*Data extract:*
==================================================
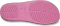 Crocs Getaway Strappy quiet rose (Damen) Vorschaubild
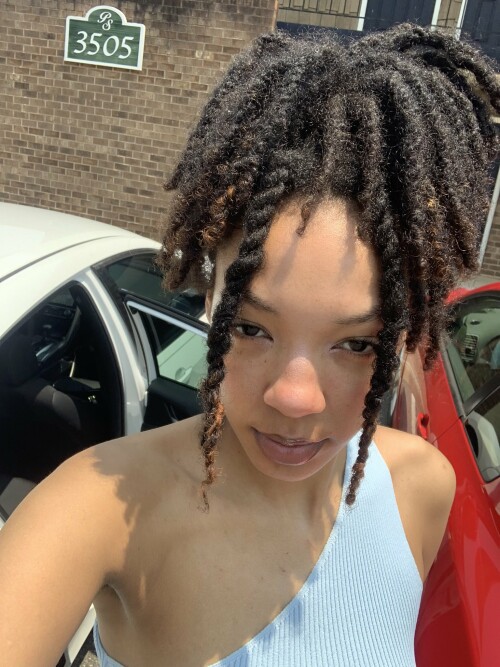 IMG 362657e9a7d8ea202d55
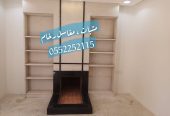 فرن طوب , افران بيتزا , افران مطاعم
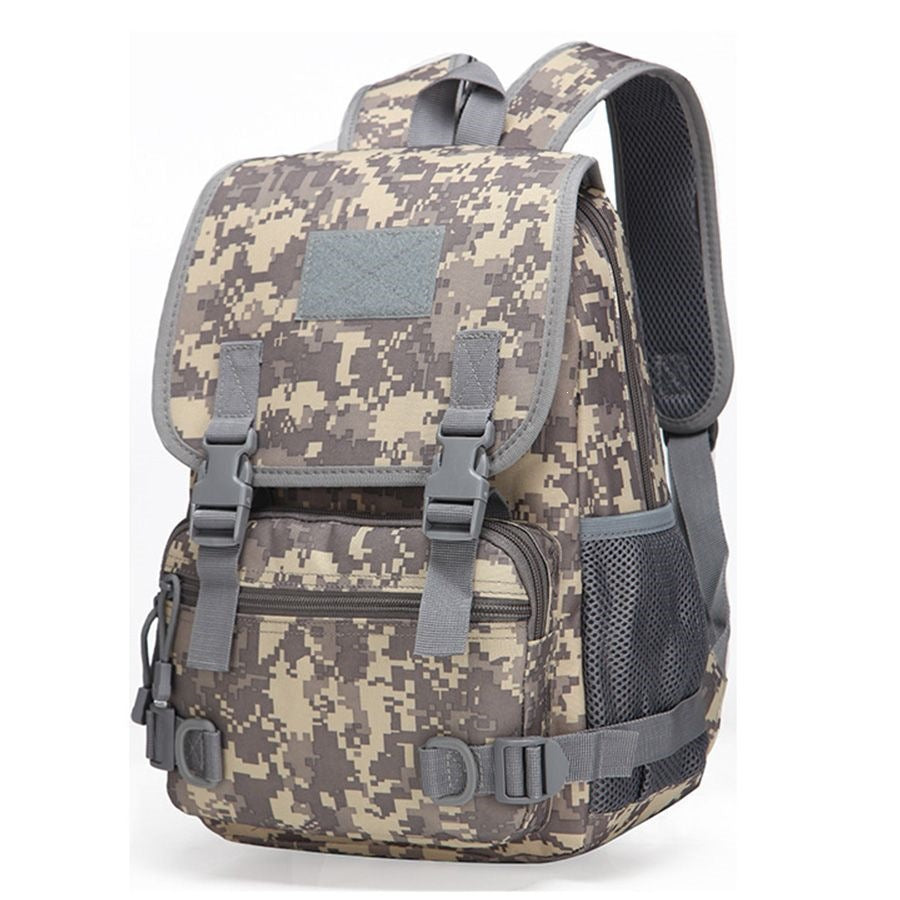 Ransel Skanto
==================================================
*To do:*
The result should be the full material above, word for word, with its pictures omitted.

*Problem solution:*
 Crocs Getaway Strappy quiet rose (Damen) Vorschaubild
 IMG 362657e9a7d8ea202d55
 فرن طوب , افران بيتزا , افران مطاعم
 Ransel Skanto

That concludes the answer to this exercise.